- [Work to complete]:
From the entries provided below, copy each line that contains the word "Cover".

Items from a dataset
*-*-*
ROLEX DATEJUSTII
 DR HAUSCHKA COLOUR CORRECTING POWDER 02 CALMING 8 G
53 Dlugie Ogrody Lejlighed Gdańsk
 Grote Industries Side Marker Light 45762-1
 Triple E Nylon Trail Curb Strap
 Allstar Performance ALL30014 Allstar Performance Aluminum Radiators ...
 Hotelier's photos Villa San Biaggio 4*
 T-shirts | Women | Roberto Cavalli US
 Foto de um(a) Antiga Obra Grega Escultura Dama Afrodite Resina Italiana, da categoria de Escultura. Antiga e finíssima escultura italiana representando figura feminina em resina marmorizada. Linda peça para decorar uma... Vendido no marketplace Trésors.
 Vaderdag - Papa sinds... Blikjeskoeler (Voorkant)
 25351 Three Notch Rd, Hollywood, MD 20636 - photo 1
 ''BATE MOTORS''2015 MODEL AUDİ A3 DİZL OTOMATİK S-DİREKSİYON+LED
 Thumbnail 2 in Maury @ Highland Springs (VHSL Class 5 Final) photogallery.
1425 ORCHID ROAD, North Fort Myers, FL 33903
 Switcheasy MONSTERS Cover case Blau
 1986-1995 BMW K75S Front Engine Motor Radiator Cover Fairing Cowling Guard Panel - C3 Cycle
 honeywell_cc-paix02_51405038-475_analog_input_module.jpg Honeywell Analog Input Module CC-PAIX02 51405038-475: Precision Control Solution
*-*-*
- [Written reply]:
 Switcheasy MONSTERS Cover case Blau
 1986-1995 BMW K75S Front Engine Motor Radiator Cover Fairing Cowling Guard Panel - C3 Cycle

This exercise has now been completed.